Task prompt: In the entries below, find the line with "Try segregating things" and the line with "The abbreviation HS"; reproduce those two lines and all lines between them exactly, without pictures.

Extracted material:

* * *

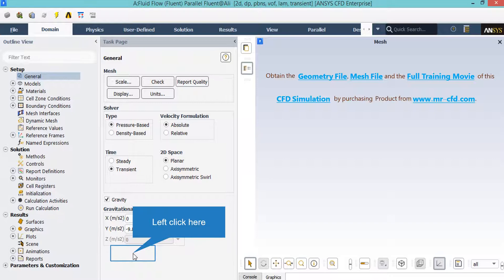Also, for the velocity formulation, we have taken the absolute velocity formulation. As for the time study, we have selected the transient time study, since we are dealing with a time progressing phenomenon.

* * *

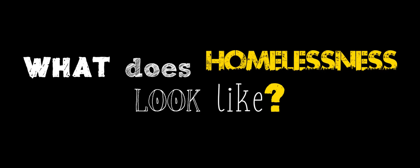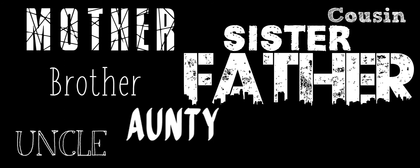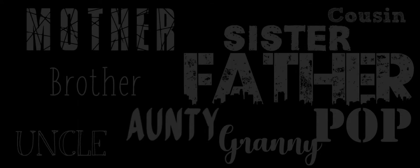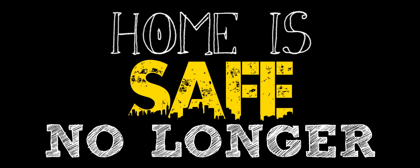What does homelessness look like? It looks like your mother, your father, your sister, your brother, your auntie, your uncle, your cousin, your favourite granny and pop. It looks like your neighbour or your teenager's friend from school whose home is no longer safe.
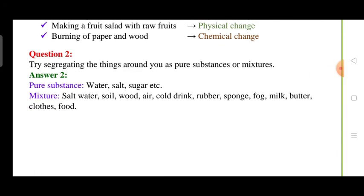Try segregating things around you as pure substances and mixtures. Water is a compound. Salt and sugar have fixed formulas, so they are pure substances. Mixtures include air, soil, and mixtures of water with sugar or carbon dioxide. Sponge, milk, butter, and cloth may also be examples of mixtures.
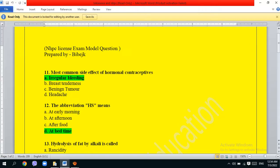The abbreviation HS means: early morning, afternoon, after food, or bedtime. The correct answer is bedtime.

* * *

Reply:
Try segregating things around you as pure substances and mixtures. Water is a compound. Salt and sugar have fixed formulas, so they are pure substances. Mixtures include air, soil, and mixtures of water with sugar or carbon dioxide. Sponge, milk, butter, and cloth may also be examples of mixtures.
The abbreviation HS means: early morning, afternoon, after food, or bedtime. The correct answer is bedtime.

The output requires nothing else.